When did I become the drama free one?
Handling uncomfortable discussion with people is not always easy. I used to simply avoid those topics or talks. Get emotionally wound up, cause unnecessary drama and act out. Especially in terms of romantic relationships. I have managed to get the handle on it. Some people still manage to trigger the inner child but the adult ego has the upper hand. I am not sure when it happens or how. In general, I just treat people in the way I would expect and like to be treated. I do not need to feel bad when telling someone off or dumping someone, as do it kindheartedly. That does not mean I cannot or do not lose my cool also. I really try to have myself in check though.
Check yourself before you wreck yourself
The inner child had the upper hand the last few years which meant I lashed out a lot or became defensive. The problem is with communicating on that level the wires get crossed, the dynamics are different and it inhibits a mature discussion. On that level, it is mostly just a manipulation or a power game. There is no learning, no understanding, no growing. A mature discussion enables you to fix things when things are wrong, allows you to connect and grow, gives you insight into the other person and makes for a happier result for all involved parties.
But sometimes or a lot of times do we start behaving like selfish, unthoughtful, petty people. Most humans have this garnered programme (bad behaviour habits) that the learnt over time, it starts up just like when you start your computer the software will start up in the background too. It only takes a bad day and little provocation and off we go. At that moment then and there we should actually flag ourselves, take a step back and ask ourselves what do we want to achieve. I believe evaluating that helps massively to avoid drama, fights and petty behaviour, subsequently stopping the inner child from taking over.
There is plenty fold and I they do have all a certain similarity mostly people getting their wires crossed and how to untangle them. To understand others better but predominantly ourselves it makes sense to read any kind of psychological interpersonal communication book, pinpoint your weaknesses and work on it. The psychologist mentioned below is the one I am familiar with, it does not mean you have to read it or purchase anything of his. I will summerise the basics quickly.
Psychologist Friedemann Schulz von Thun
There are 4 ways to hear and phrase something.
Self-revelation – information regarding the sender conscious/subconscious
Appeal – do something, demand
Relationship – information regarding the relationship and how the people stand to each other
Matter Layer – factual information, data
Every layer can be misunderstood individually. The classic example of Schulz von Thun is the front-seat passenger which tells the driver: “Hey, the traffic lights are green”. The driver will understand something different regarding the ear with which he will hear and will react differently. (On the matter layer he will understand the “fact” “the traffic lights are green“, he could also understand it as “Come on, drive! .”-“command”, or on the “relationship” could hear a help like “I want to help you or if you hear behind it: I am in a hurry it reveals part of yourself “self-revelatory“.”) The emphasis on the four layers can be meant differently and also be understood differently. So the sender can stress the appeal of the statement and the receiver can mainly receive the relationship part of the message.

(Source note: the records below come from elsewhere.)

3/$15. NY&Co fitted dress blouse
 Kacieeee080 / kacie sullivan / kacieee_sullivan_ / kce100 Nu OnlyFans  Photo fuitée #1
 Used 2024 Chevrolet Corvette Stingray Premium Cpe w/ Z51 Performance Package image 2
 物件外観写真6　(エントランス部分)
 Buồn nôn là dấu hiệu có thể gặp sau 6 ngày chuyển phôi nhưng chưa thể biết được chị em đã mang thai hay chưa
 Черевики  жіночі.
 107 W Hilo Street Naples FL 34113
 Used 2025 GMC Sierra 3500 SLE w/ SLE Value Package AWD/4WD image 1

This is one of the main reasons for misunderstandings.
Inner Team – Inner Archetypes – Inner Saboteurs
There are the voices that guide you and help you ideally with a head charing the community but when you are mentally ill or have low self-esteem the negative ones take over and they can get out of hand. Making it sheer impossible to battle them sucking you into their vortex.
Here work is useful. Looking at what they are saying and why. Challenging them by saying the opposite of yourself day in and day out. It is like battling the school bully the more ammunition in form of power you give them the worse they will become. Kill them with kindness. Ever tried to be really nice to rude people it normally disarmes them.